**Exercise goal**
Beginning with the line of the entries below that holds "Leggings da bambina" and ending with the line that holds "Medallas de Oro", transcribe each line exactly as written. Pictures stay out.

**Given records**

((

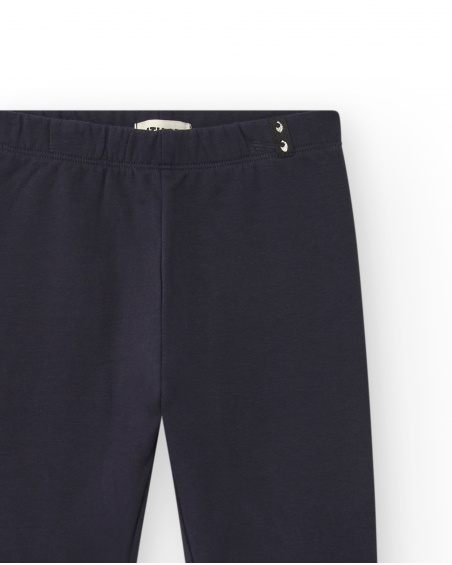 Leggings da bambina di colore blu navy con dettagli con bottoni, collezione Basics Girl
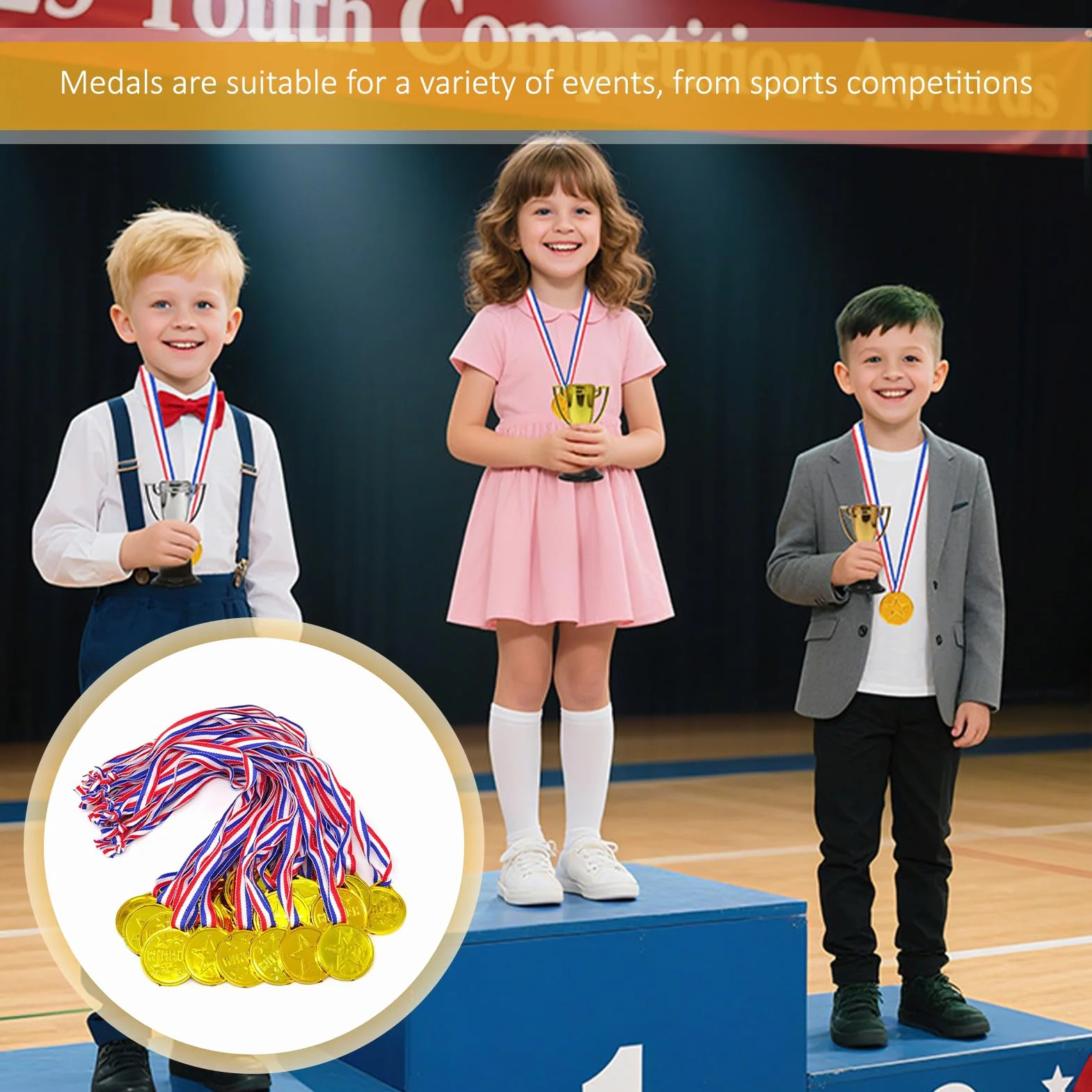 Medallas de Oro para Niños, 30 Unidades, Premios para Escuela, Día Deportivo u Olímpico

))
((

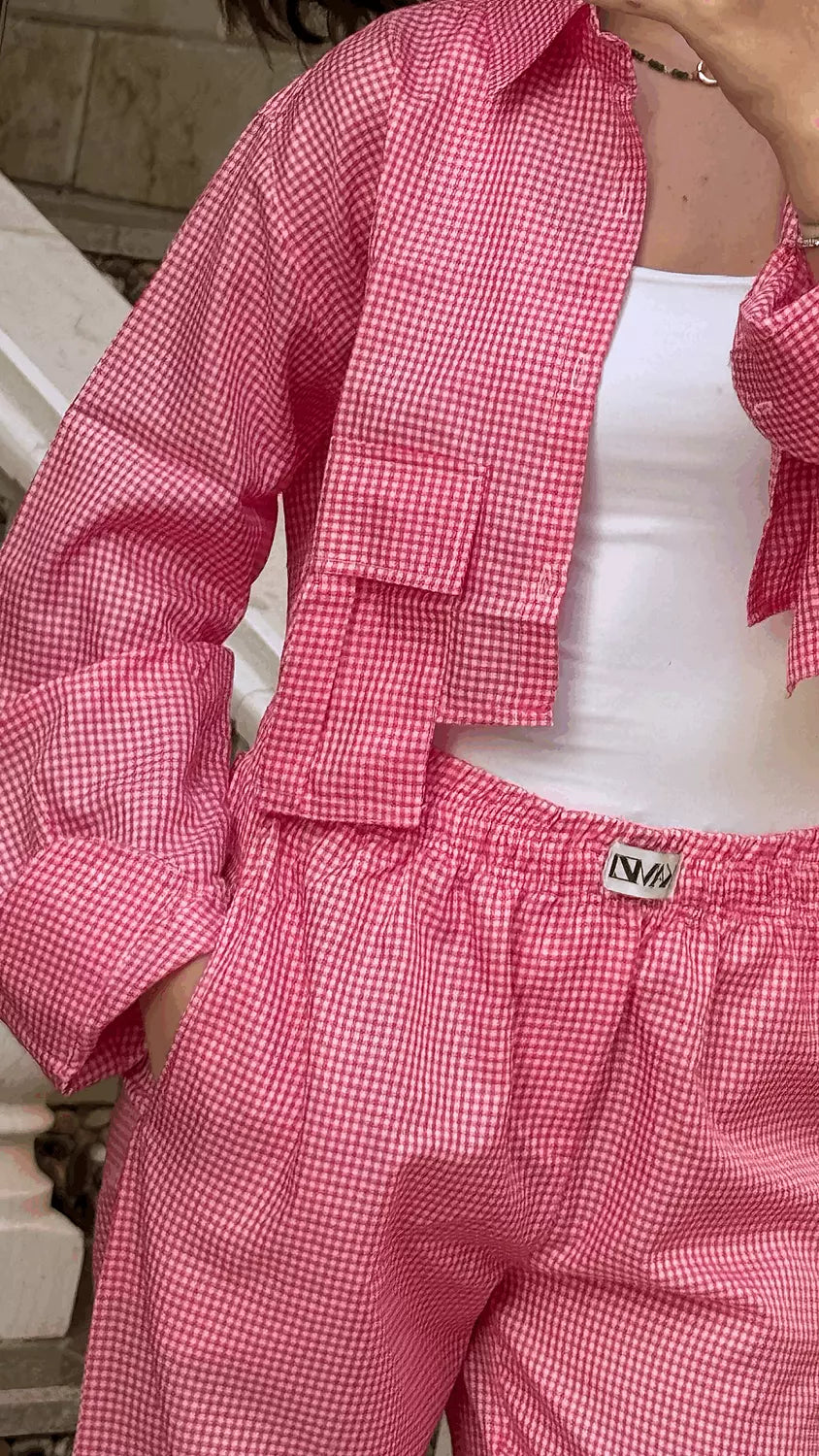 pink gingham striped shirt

))
((

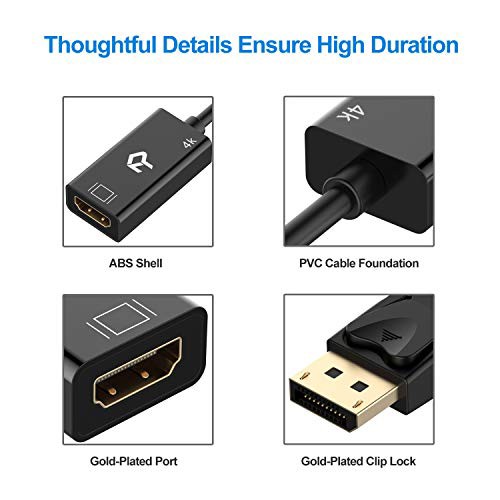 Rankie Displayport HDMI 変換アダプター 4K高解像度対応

))

**Exercise response**
 Leggings da bambina di colore blu navy con dettagli con bottoni, collezione Basics Girl
 Medallas de Oro para Niños, 30 Unidades, Premios para Escuela, Día Deportivo u Olímpico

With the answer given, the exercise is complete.